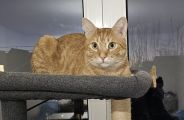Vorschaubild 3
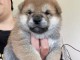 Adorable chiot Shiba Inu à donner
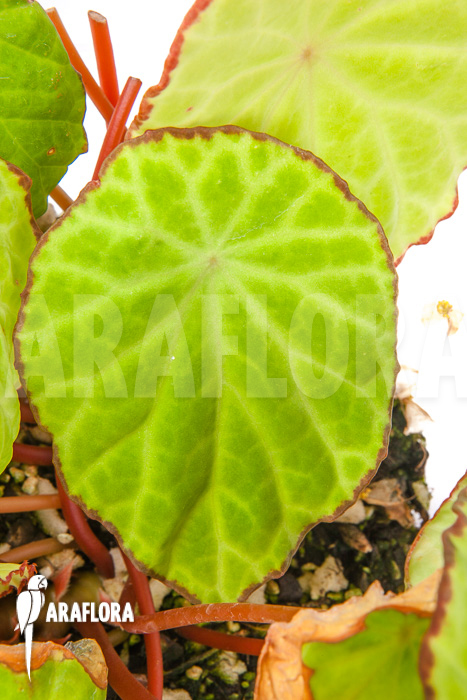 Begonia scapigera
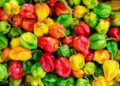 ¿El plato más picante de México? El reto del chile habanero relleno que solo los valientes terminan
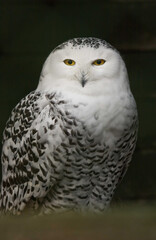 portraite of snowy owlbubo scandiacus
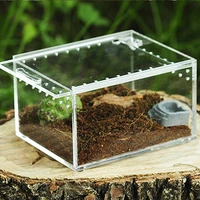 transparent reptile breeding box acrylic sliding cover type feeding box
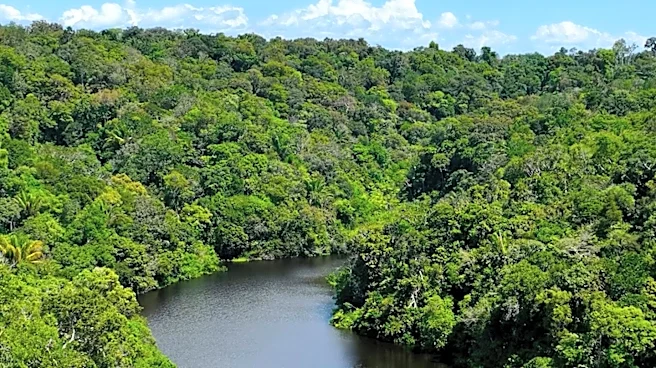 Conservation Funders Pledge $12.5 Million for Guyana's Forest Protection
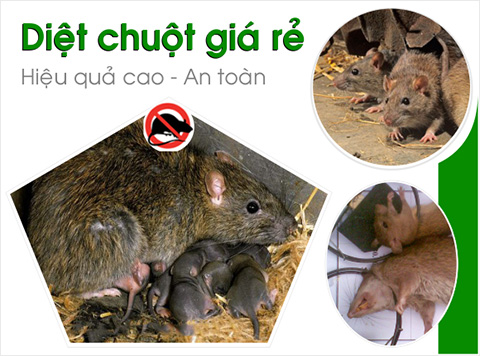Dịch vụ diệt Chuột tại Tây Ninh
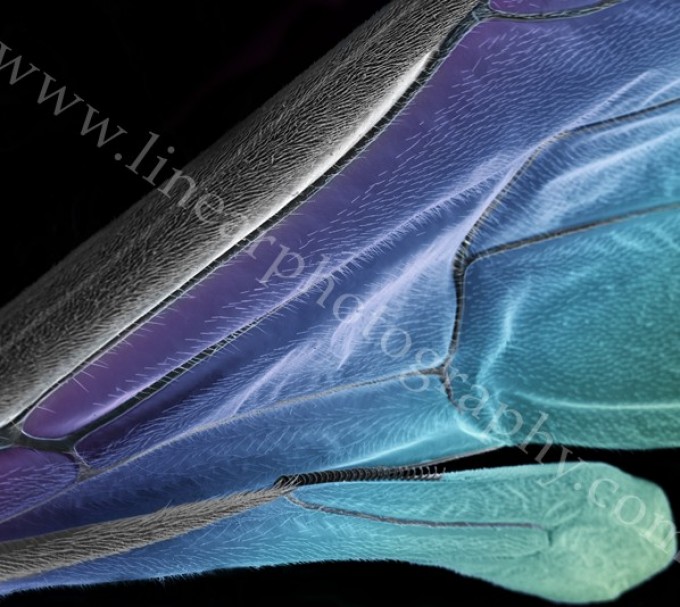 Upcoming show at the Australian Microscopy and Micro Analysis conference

----------------

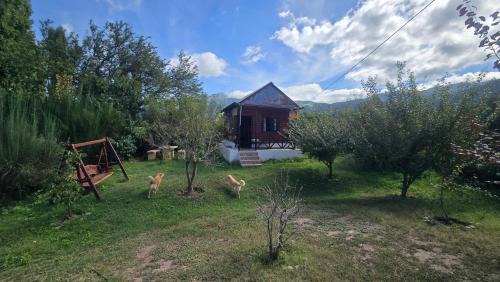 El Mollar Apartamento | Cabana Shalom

----------------

▶ **Instructions for the task**
Only the lines of the listing above from the one with "Conservation Funders Pledge" through the one with "Upcoming show at" should be output, exactly, with both ends kept and pictures left out.

▶ **Answer for this exercise**
 Conservation Funders Pledge $12.5 Million for Guyana's Forest Protection
Dịch vụ diệt Chuột tại Tây Ninh
 Upcoming show at the Australian Microscopy and Micro Analysis conference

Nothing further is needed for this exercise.